We do not believe that love is free
cause anything worth fighting for doesn't come for free
we believe in time that you will see
how a war might save us
how a war might save us
we believe in time that you will see
the institutions of the world will only serve to enslave us.
it's time for you and i to face the signs and realize that living's a battle
for all the times we cried and told the lies and realized life's not a rehearsal
come on babe, swing your heartache
come on babe, swing your heartache
we have learned that hope does not come cheap
we all must sacrifice in the name of our beliefs
we believe in time that you will see
the frontier is misery
the frontier is misery
what do you think it is that makes us free?

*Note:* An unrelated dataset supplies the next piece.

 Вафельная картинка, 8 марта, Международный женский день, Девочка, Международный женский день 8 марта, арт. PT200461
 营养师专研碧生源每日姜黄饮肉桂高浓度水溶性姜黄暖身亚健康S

a life without boundaries if you question everything
it's time for you and i to face the signs and realize that living's a battle
for all the times we've cried and told the lies and realized life's not a rehearsal
come on babe, swing your heartache
come on babe, swing your heartache
here's something that you should know
getting older doesn't always mean you grow
turning from the shadows following behind you
to stare at the sun can easily blind you
the only way to learn, you're not afraid to die
could very well involve risking your life
despite the contradictions that these worlds imply,
you've got to live on, live on, live on.
that's a lot of lyrics. i know. but they are nice. as is Young Galaxy. canadian bands are where it's at it seems.
this week i find out if my life changes. in a huge way. it will the end of my rodeo life as i know. i have been telling myself (and believing myself) that i was fine with giving up this barrel racing life. i mean really. it's been a good run. pretty much 23 years of rodeo after rodeo. i really only got into it because of my mother right??

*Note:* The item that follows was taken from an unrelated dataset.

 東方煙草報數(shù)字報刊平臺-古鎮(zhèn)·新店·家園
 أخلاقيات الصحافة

but holy fucking shit. 23 years! and i've had tex for 13 of these years. he's basically my child. this all hit me pretty hard at about 6:30 am thursday morning.

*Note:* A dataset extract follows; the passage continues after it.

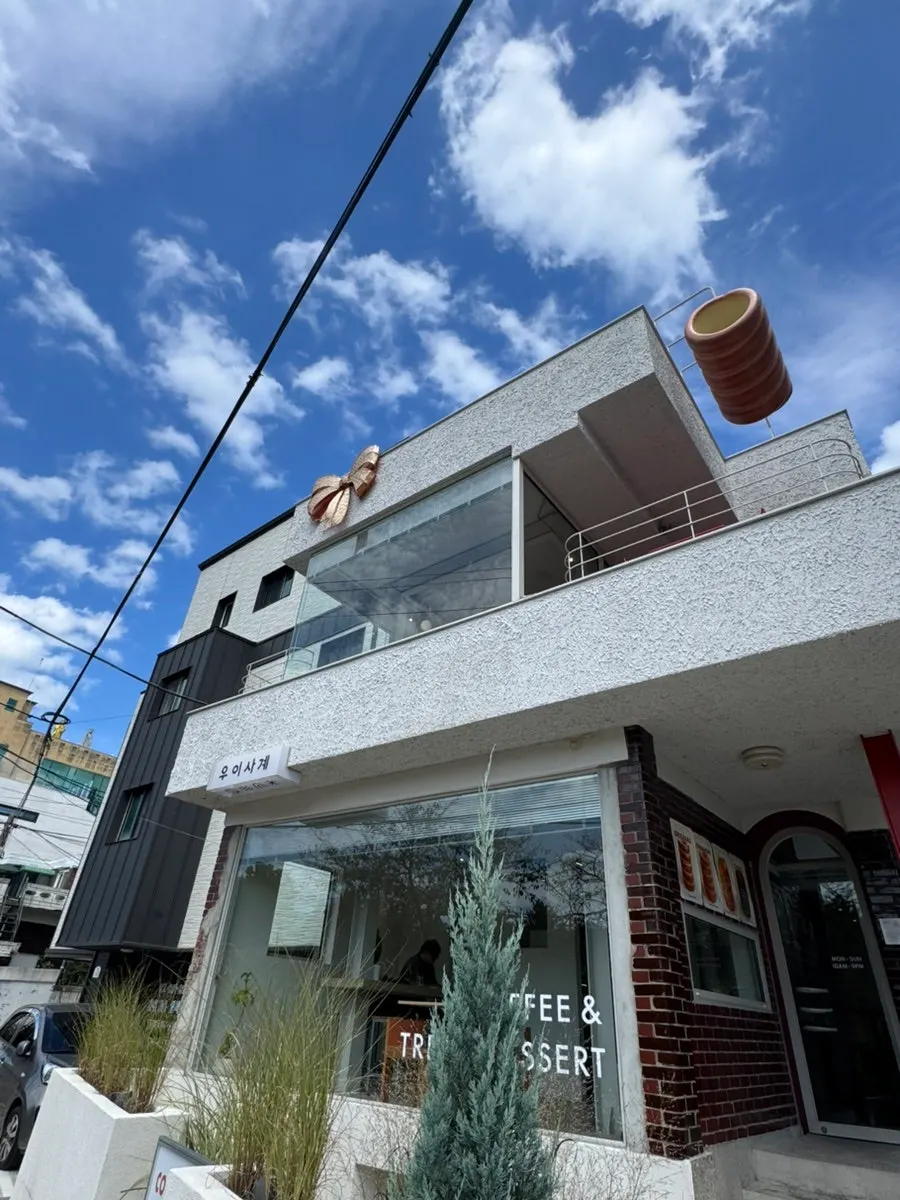 우이사계 앞 우이천 산책로 풍경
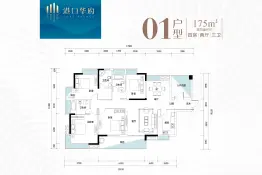 港口华府4室2厅1厨3卫建面175.00㎡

i had just gotten home from claremore, oklahoma. i had to jump in the shower, pack my shit and immediately drive to houston for an interview. thursday was a long day to say the least. anyways, i think the interviews went well. but i am still hoping about the one in bastrop. i want to live in austin. i really really do. this is scary to admit this. because i might not get the job. and i will feel a little like a failure...
houston would be legit too though.
oh, and has anyone seen the line up for ACL? amazing!